What you have to do> Below are some records. Return exactly the lines from the one containing "Leg Curl & Leg Extension Machine (2-in-1)" through the one containing "Hechtia montana (ヘクチア モンタナ)", both included, and only those.
##### Excerpted records
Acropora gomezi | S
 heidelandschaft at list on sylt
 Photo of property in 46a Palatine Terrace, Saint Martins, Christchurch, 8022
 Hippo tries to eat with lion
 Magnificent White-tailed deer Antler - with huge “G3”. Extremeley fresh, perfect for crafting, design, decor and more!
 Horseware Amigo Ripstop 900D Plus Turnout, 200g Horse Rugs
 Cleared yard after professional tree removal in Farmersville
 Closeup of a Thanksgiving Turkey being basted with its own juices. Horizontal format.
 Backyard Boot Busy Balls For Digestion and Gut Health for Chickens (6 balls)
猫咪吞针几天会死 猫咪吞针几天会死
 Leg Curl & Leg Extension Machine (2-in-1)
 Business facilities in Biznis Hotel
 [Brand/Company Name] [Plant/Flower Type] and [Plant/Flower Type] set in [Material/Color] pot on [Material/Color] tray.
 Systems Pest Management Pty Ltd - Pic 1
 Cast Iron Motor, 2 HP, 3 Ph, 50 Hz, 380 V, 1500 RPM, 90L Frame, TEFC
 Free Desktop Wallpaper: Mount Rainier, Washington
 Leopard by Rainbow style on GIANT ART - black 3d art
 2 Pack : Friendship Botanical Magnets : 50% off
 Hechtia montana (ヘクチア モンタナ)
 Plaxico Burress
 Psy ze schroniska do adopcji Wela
##########
Solution>
 Leg Curl & Leg Extension Machine (2-in-1)
 Business facilities in Biznis Hotel
 [Brand/Company Name] [Plant/Flower Type] and [Plant/Flower Type] set in [Material/Color] pot on [Material/Color] tray.
 Systems Pest Management Pty Ltd - Pic 1
 Cast Iron Motor, 2 HP, 3 Ph, 50 Hz, 380 V, 1500 RPM, 90L Frame, TEFC
 Free Desktop Wallpaper: Mount Rainier, Washington
 Leopard by Rainbow style on GIANT ART - black 3d art
 2 Pack : Friendship Botanical Magnets : 50% off
 Hechtia montana (ヘクチア モンタナ)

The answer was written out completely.